## [Records to process]
****************************************

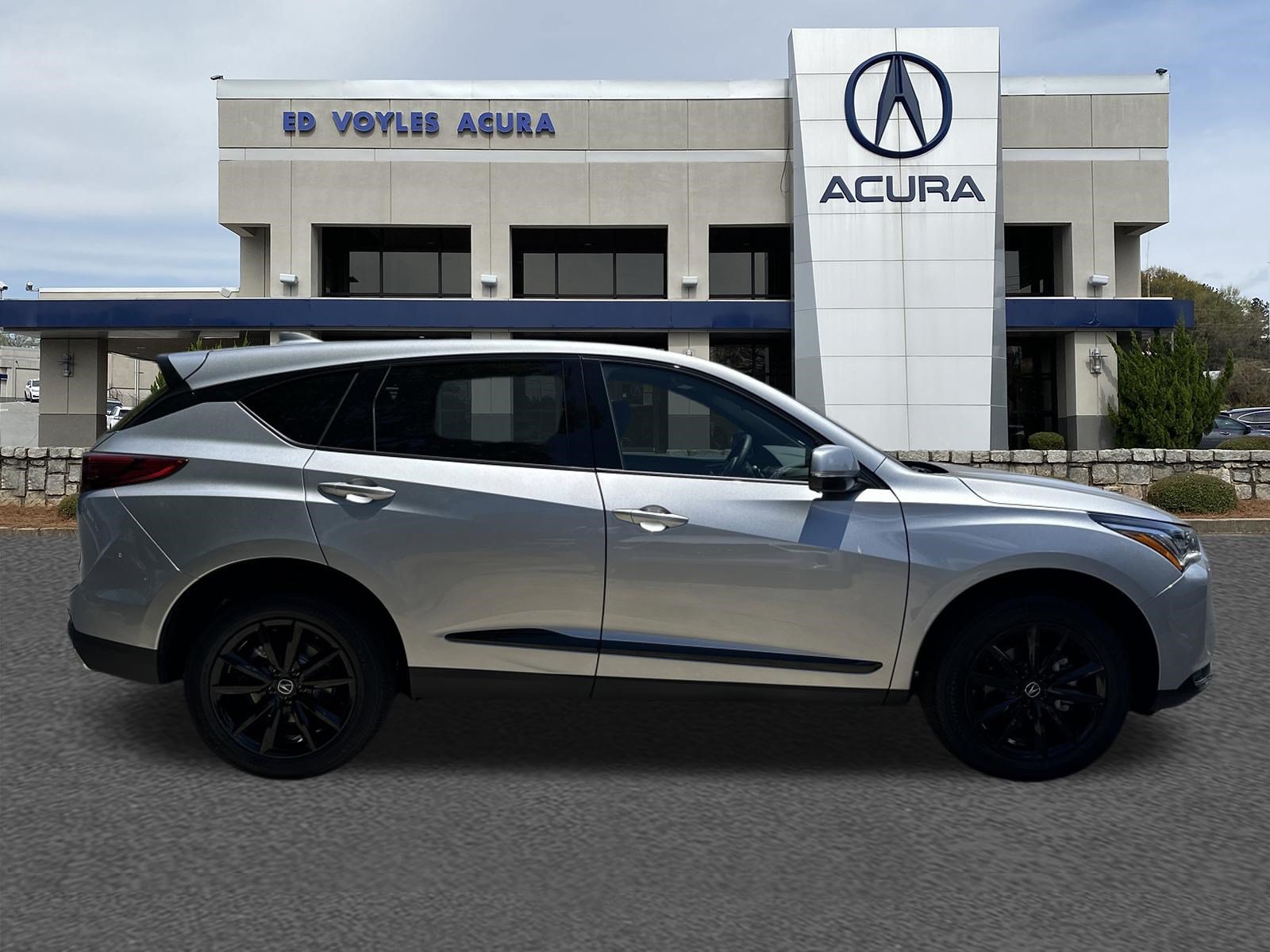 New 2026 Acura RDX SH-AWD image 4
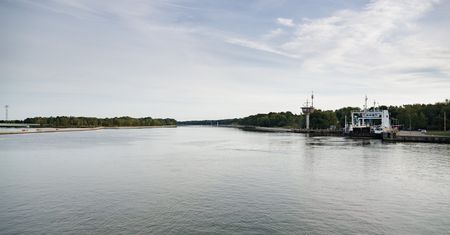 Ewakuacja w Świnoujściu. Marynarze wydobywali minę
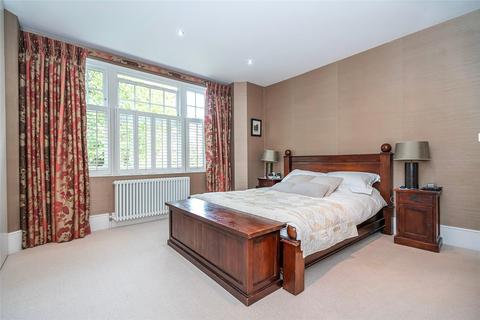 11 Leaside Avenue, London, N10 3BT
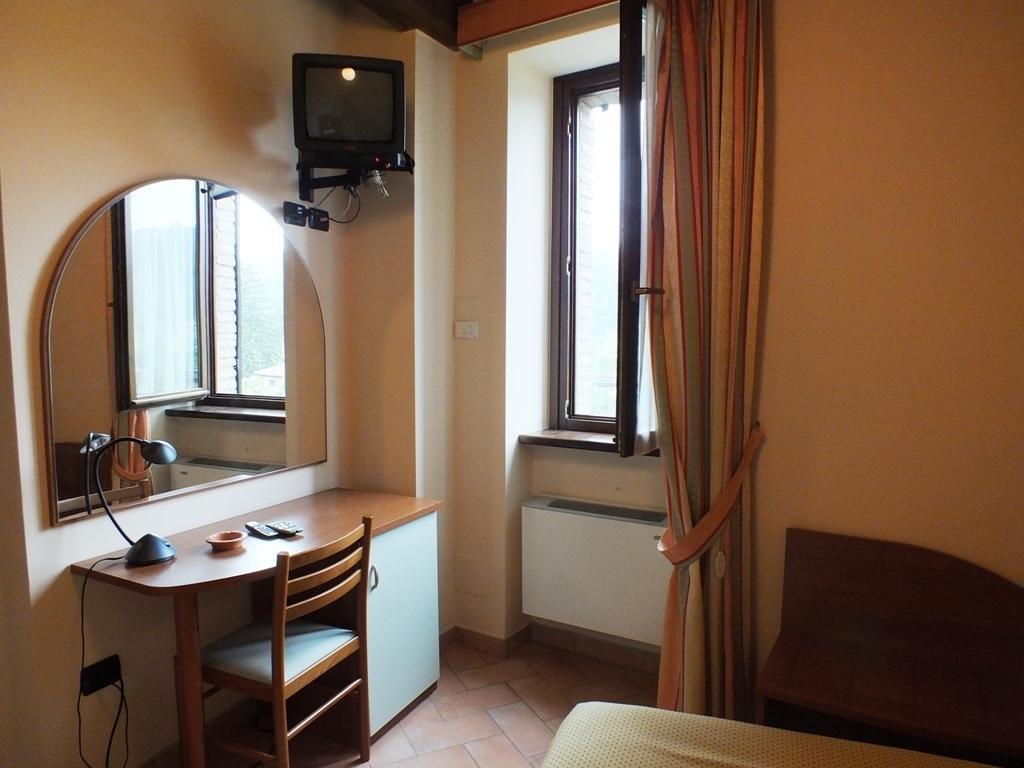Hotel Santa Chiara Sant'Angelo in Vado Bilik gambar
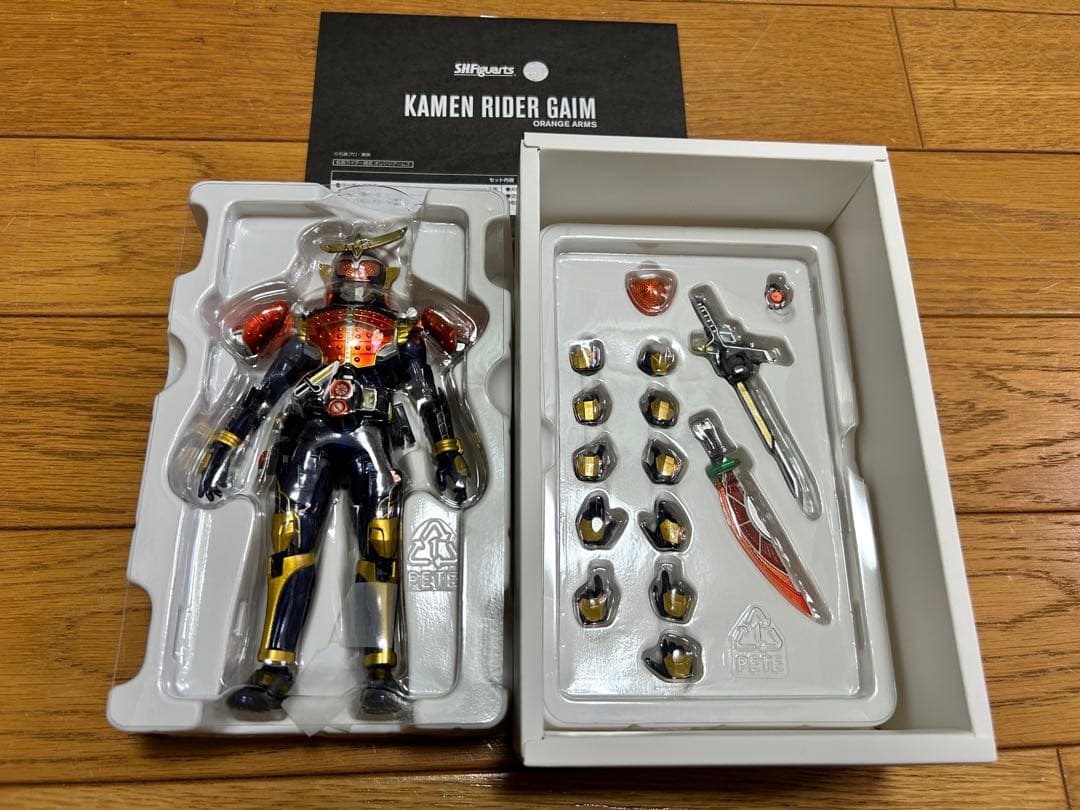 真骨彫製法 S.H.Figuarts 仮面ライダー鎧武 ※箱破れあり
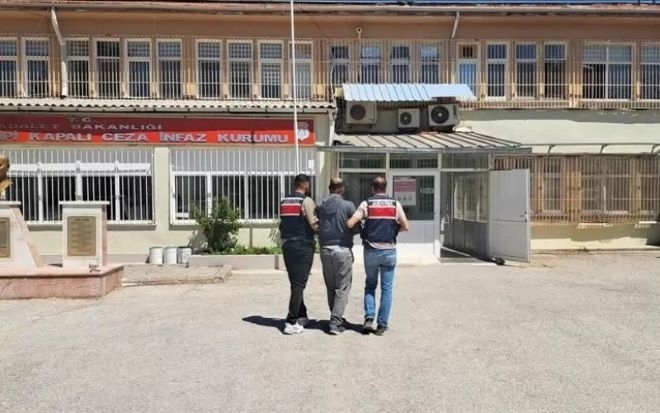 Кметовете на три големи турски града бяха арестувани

****************************************

## [Requirement]
All entries must come back exactly as written, though without their pictures.

## [Exercise response]
 New 2026 Acura RDX SH-AWD image 4
 Ewakuacja w Świnoujściu. Marynarze wydobywali minę
 11 Leaside Avenue, London, N10 3BT
Hotel Santa Chiara Sant'Angelo in Vado Bilik gambar
 真骨彫製法 S.H.Figuarts 仮面ライダー鎧武 ※箱破れあり
 Кметовете на три големи турски града бяха арестувани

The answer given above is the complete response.